Digo yo que debe ser eso lo que nos está pasando, si es que se puede generalizar el fenómeno a la sociedad en general, porque de lo contrario no encuentro otra explicación. La única diferencia es que el animal no puede hablar, mientras que nosotros lo estamos haciendo sin parar pero en estado hipnótico, diciendo cosas de las que tendremos que arrepentirnos cuando despertemos. La tragedia de Galicia nos tiene hipnotizados, aterrorizados por el mero hecho de que sea posible, inmovilizados para hacer planteamientos generales, pero hablando como en sueños de lo primero que se nos ocurre. Rajoy no para, habla continuamente, la única virtud que se le reconoce, pero tiene que rectificar al día siguiente. Su expresión se aproxima cada vez más al estado de pasmo y al sentimiento de terror, a mitad de camino, como si acabara de recibir una invitación para inaugurar el Oceanográfico de Valencia.

Pero el estado hipnótico nos está afectando a todos. Un diputado socialista de la Asamblea de Madrid tiene un sueño electoral, habla medio dormido de la tragedia del Prestige y, cuando despierta, tiene que dimitir. Pero todavía hay pesadillas peores, mucho más perversas, que manifiestan involuntariamente deseos inconfesados. En la prensa aparecen argumentos sobre el fracaso de la política, se dice que el pueblo ha decidido representarse solo, que los españoles están pasando a los políticos por la izquierda, por la derecha y por en medio.

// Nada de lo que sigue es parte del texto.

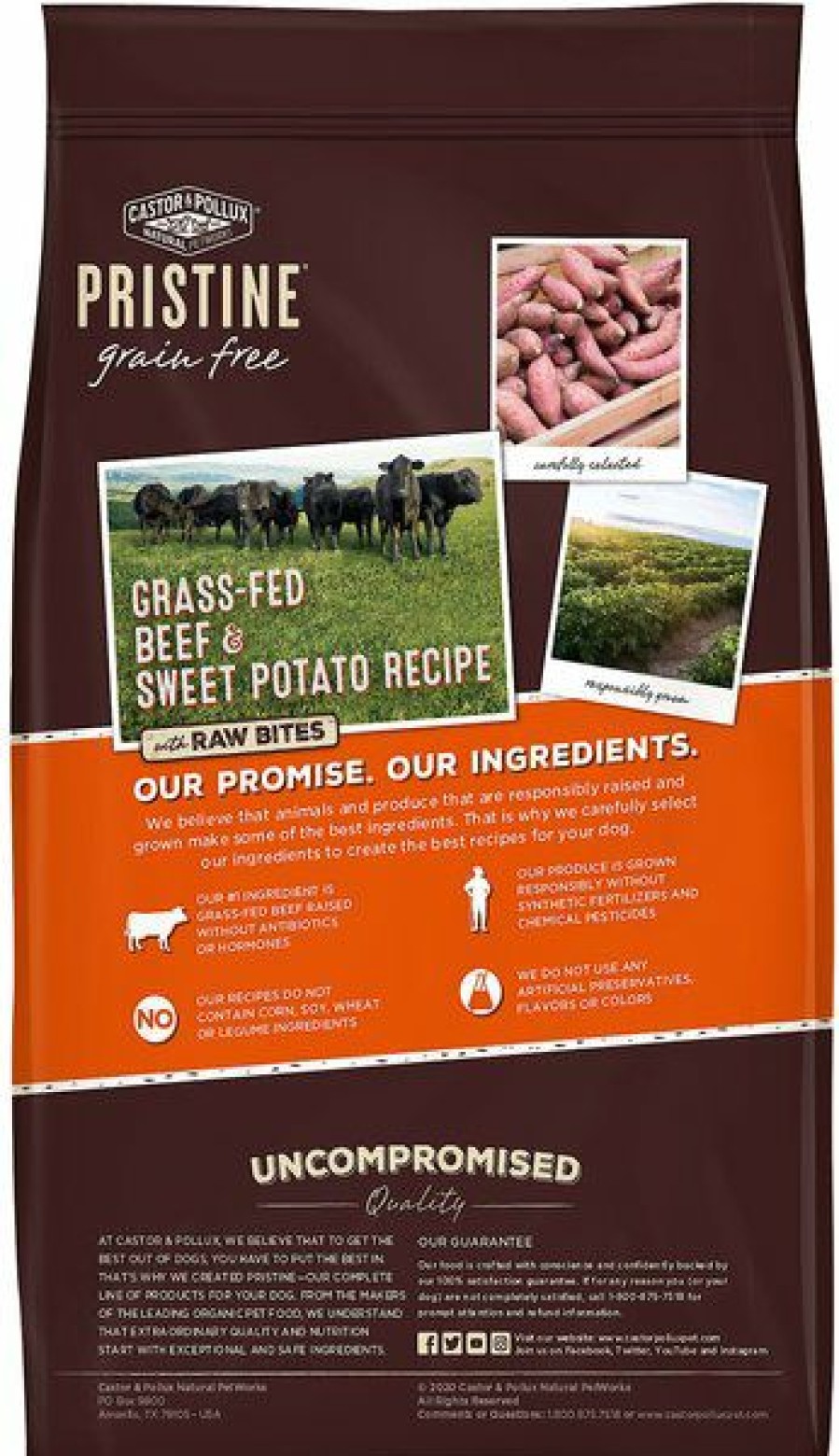 Online * Large Choice Castor & Pollux Pristine Grain-Free Grass-Fed Beef & Sweet Potato Recipe With Raw Bites Dry Dog Food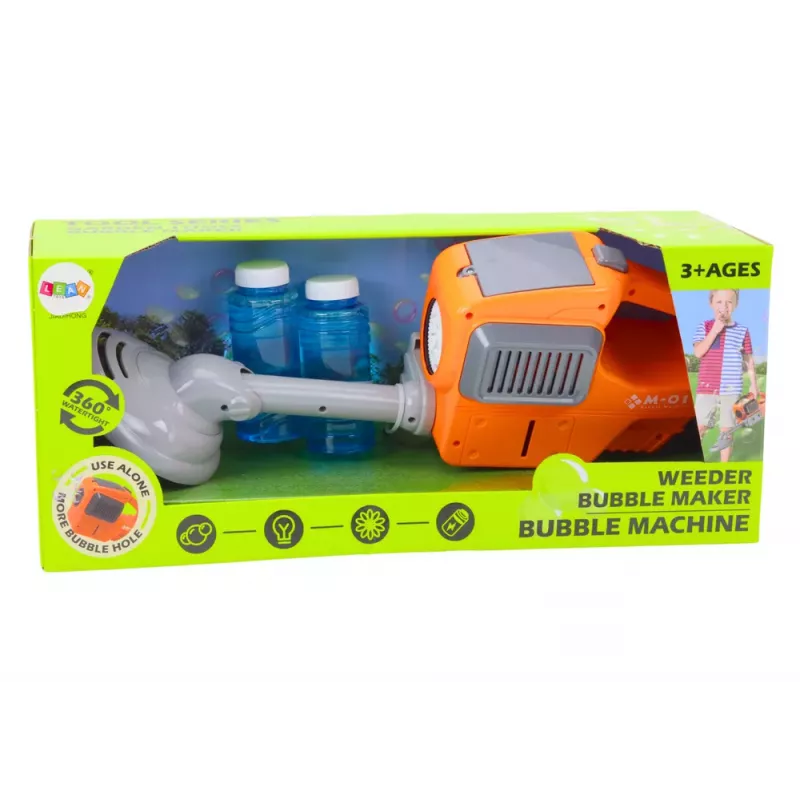 LEAN TOYS Macchina per bolle di sapone tagliaerba trimmer due liquidi arancione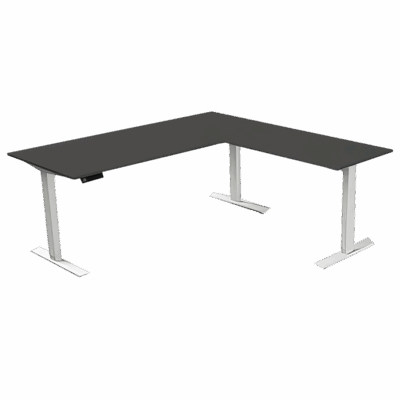 Steh-Sitztisch mit Anbautisch, 180x80x72-120+ 100×60 cm, anthrazit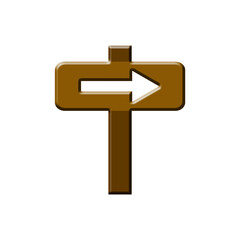 a brown direction guidepost sign with a white arrow pointing to the right 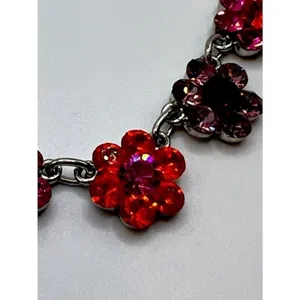 Sparkling crystal flower necklace-‎ pink, red & purple thumbnail 4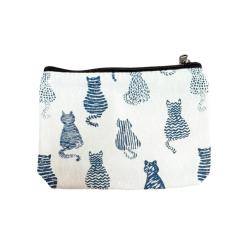 Purse Cotton Cats Sitting 13 x 10cm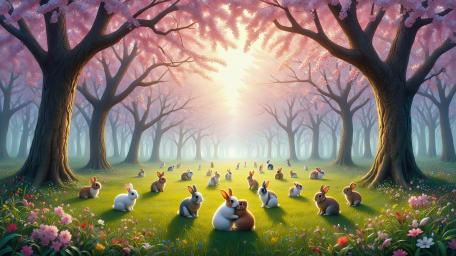 Bunnies in Enchanted Cherry Blossom Forest wallpaper
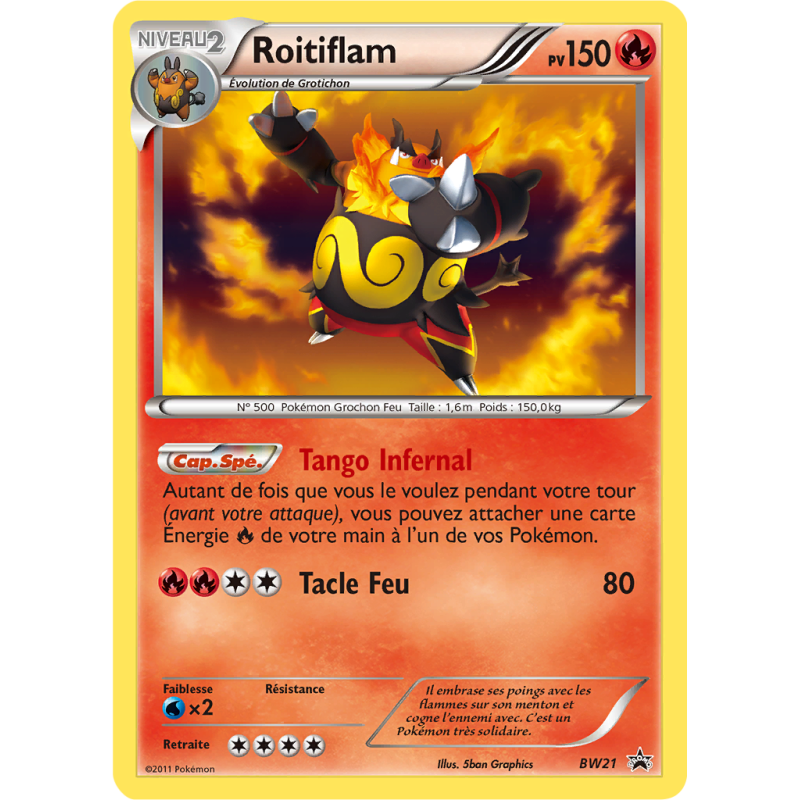 Carte Pokémon Roitiflam BW21 Promo BW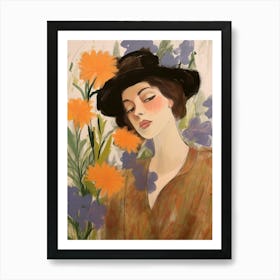 Woman With Autumnal Flowers Delphinium Art Print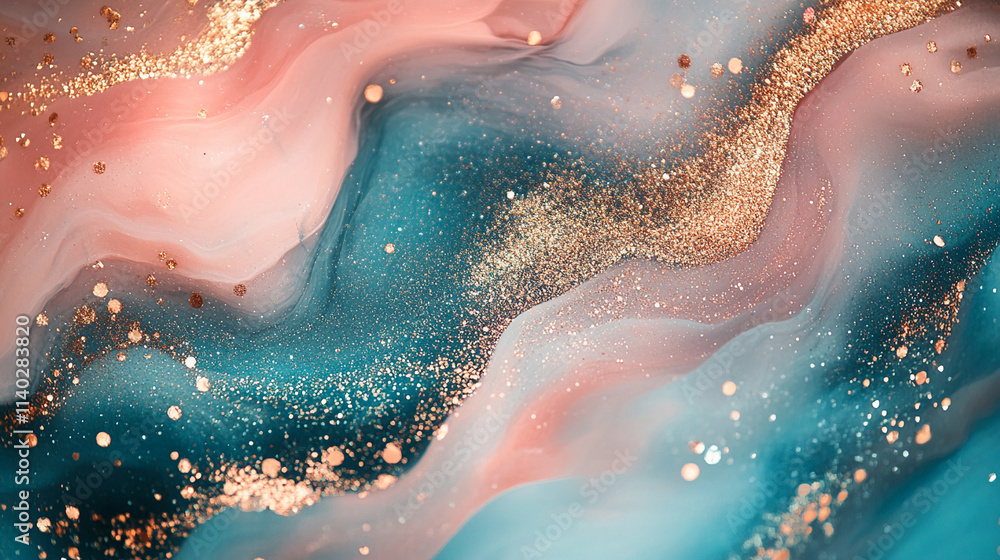 Obraz premium Teal, peach, and pink hues with shimmering gold and silver accents, blending glitter and bokeh textures in a stunning design 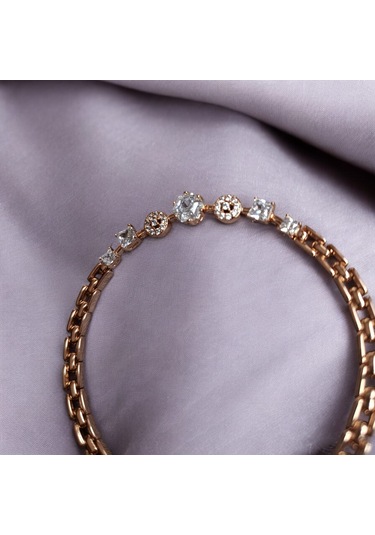 Xuping Taşlı Rose Gold Çelik Bileklik Altın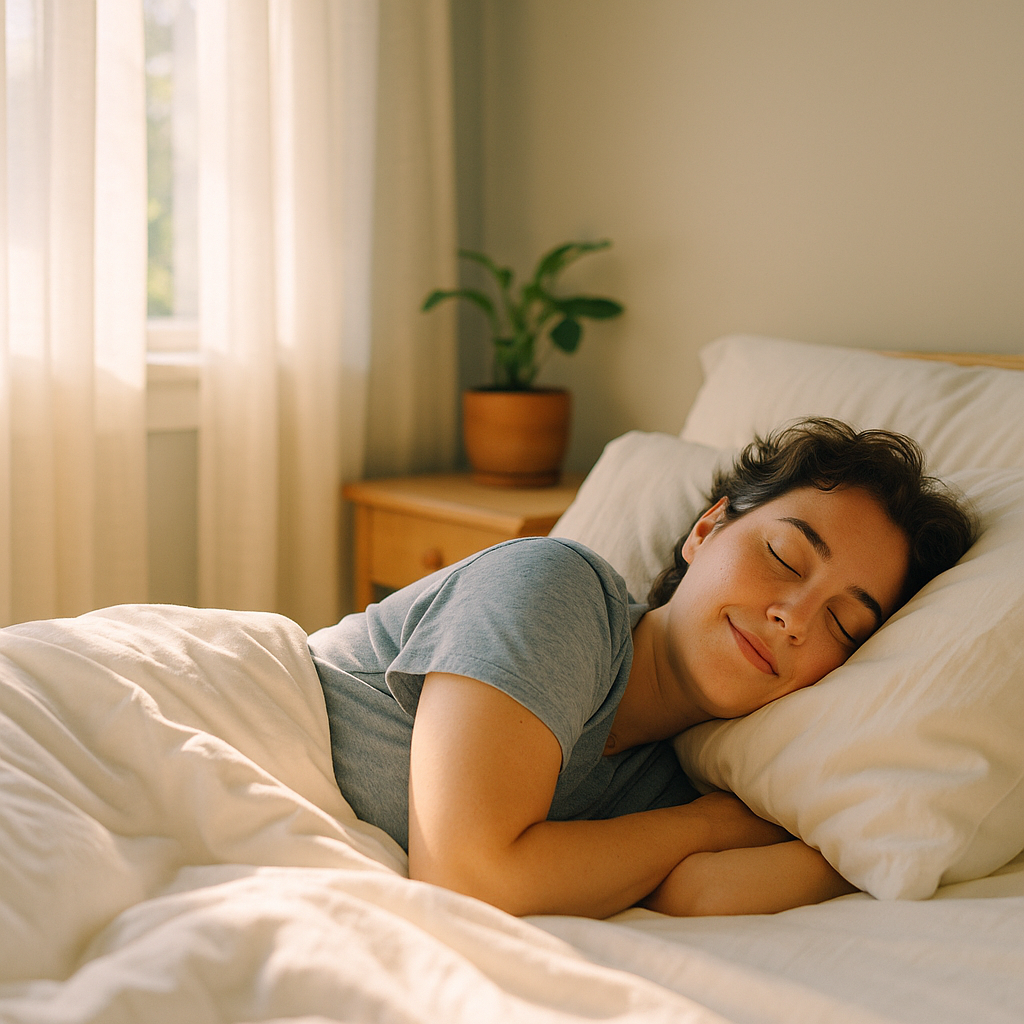 Person sleeping peacefully in a cozy bedroom — sleep medicine care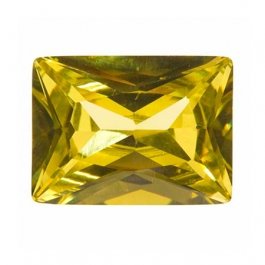 10X8mm Rectangle Peridot CZ - Pack of 1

Terrible, más que una pesadilla es un aquelarre social, donde los brujos de siempre utilizan los buenos sentimientos de los solidarios, los movimientos sociales de ayuda, para dinamitar la política y desear una vez más el sueño eterno de un poder más allá.

No hay ejercicio más sano que la crítica política, no importa lo dura que pueda ser. Y éste es un buen momento para ejercerla. Pero eso no tiene nada que ver con los deseos reprimidos que se manifiestan en estado hipnótico, como le ocurrió a Bush con el 11-S. Ésos son monstruos del inconsciente. Si Pávlov hubiera sabido lo que soñaban sus animales, habría salido despavorido del laboratorio. Por eso es urgente despertar cuanto antes de la tragedia y, solidarios, ayudar entre todos a reorganizar la política de este país.